Moving On

Added on 13 July 2010

The Urban World Cup Batcave Death Poet is dead.


Back in the real world, the world that exists beyond the World Cup, life goes on in its usual manner. The school holidays have begun. On the plus side, school rugby training starts again seven weeks tomorrow, and that doesn't seem so far away now. The summer will fly by in a dreamy haze of warm days and drizzly days. The British Open starts this weekend. You can get odds of 1500-1 on Sandy Lyle to win at Bet365 if the notion took you. That might be a waste of your money. Like my bet on Cote D'Ivoire to win the World Cup.


Over the summer, work will continue at the busy industrial centre of Long Midnight Publishing to get the digital Barney Thomson series up and running. We, at LMP Central, are contemplating pulping the book stock and turning the Barney series into a digital-only entity. You won't find many Barney Thomson titles in the bookshops of Britain. There have never been any in WH Smith, and only the occasional Waterstones and independent bookshop will carry them. This means that the bulk of Barney Thomson sales have been through Amazon.


For years this went well. However, a look at the current Amazon rankings shows that the seven titles in the series, in book order, at this very instant are ranked as follows:


141,627

233,592

68,769

301,023

232,020

241,842

227,587


Now Amazon rankings fluctuate more than the FTSE, but that is a wretchedly bad showing by any measure. It's the equivalent of the Scottish football team's ranking under Berti Vogts. Blue sky thinking, or at least, some sort of thinking, is called for. Putting all the books out of print, in order to help sell more, might just be the kind of inspired genius that turns things around.

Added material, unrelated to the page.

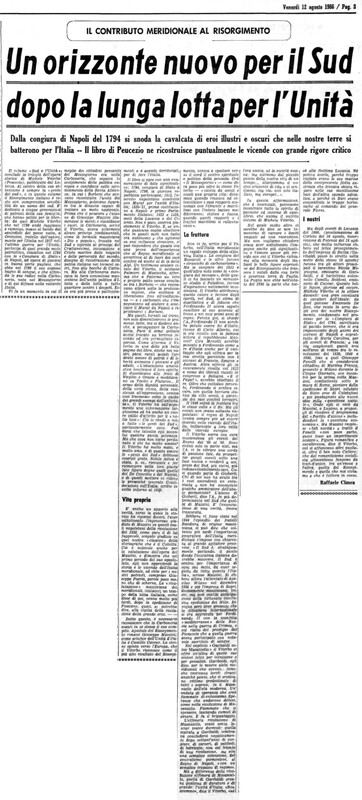 Ciasca Raffaele (1966), Un orizzonte nuovo per il Sud dopo la lunga lotta per l'Unità (La Gazzetta del Mezzogiorno, 12 agosto 1966, p. 3).jpg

The final decision, when ratified by the full Long Midnight Publishing Board of Directors, will be communicated in the usual manner.


On an unrelated note: today's headline in the Daily Express. One in Five Britons Will Be Ethnics. Doesn't that just make you proud to be British, and to be part of such a tolerant and open society? My spellchecker doesn't even acknowledge that ethnics is a word. I wonder if we scrounging ethnic Scots will be classed as part of the hated One in Five.